--- MATERIAL FOR THE TASK Enclosed Below ---
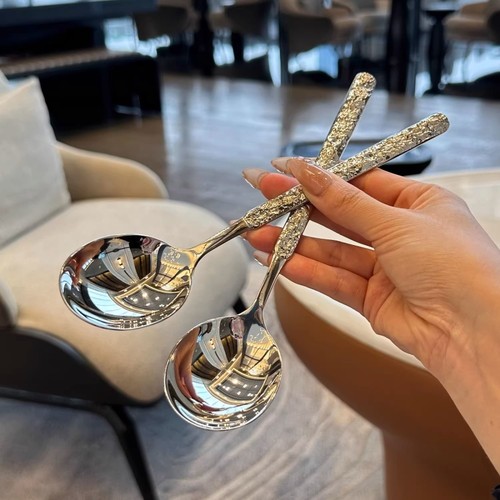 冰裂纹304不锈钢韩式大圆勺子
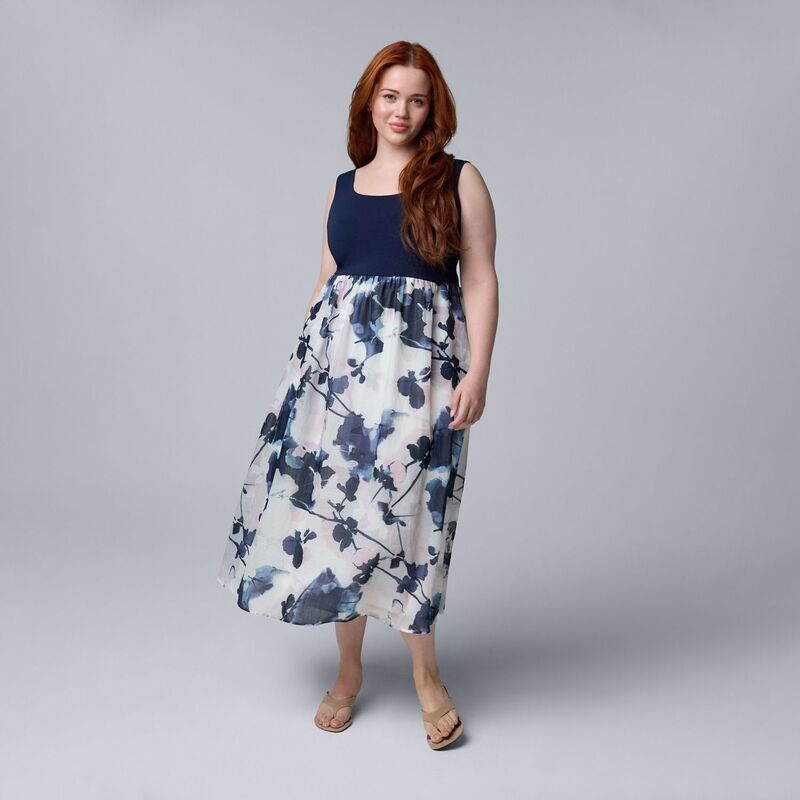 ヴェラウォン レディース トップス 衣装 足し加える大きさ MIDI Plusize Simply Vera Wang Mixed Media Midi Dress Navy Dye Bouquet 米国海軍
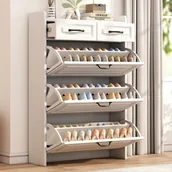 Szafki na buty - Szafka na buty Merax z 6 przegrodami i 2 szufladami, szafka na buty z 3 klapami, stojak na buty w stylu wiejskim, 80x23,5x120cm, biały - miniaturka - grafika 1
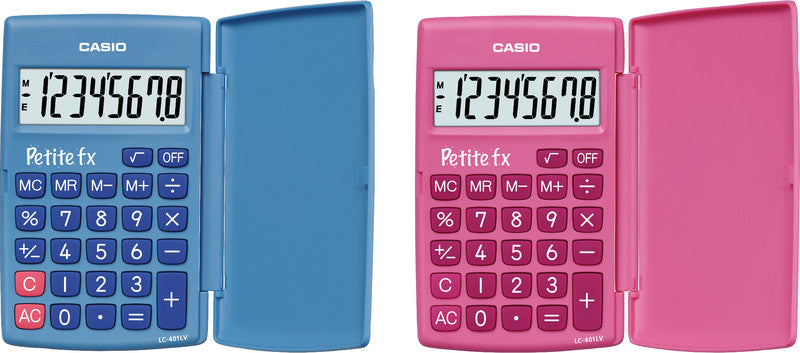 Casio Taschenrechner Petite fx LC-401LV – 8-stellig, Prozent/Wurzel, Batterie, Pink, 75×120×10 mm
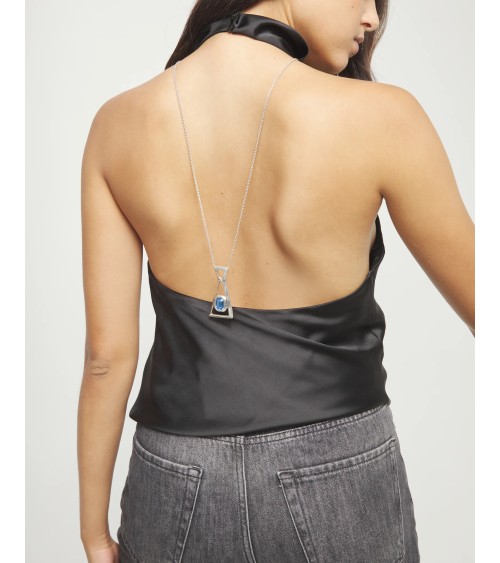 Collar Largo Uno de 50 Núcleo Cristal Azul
--- End of Enclosed MATERIAL FOR THE TASK ---
*PROBLEM TO WORK ON*. Return the listing above word for word, with the pictures removed.

*SOLUTION TO THE EXERCISE*.
 冰裂纹304不锈钢韩式大圆勺子
 ヴェラウォン レディース トップス 衣装 足し加える大きさ MIDI Plusize Simply Vera Wang Mixed Media Midi Dress Navy Dye Bouquet 米国海軍
 Szafki na buty - Szafka na buty Merax z 6 przegrodami i 2 szufladami, szafka na buty z 3 klapami, stojak na buty w stylu wiejskim, 80x23,5x120cm, biały - miniaturka - grafika 1
 Casio Taschenrechner Petite fx LC-401LV – 8-stellig, Prozent/Wurzel, Batterie, Pink, 75×120×10 mm
 Collar Largo Uno de 50 Núcleo Cristal Azul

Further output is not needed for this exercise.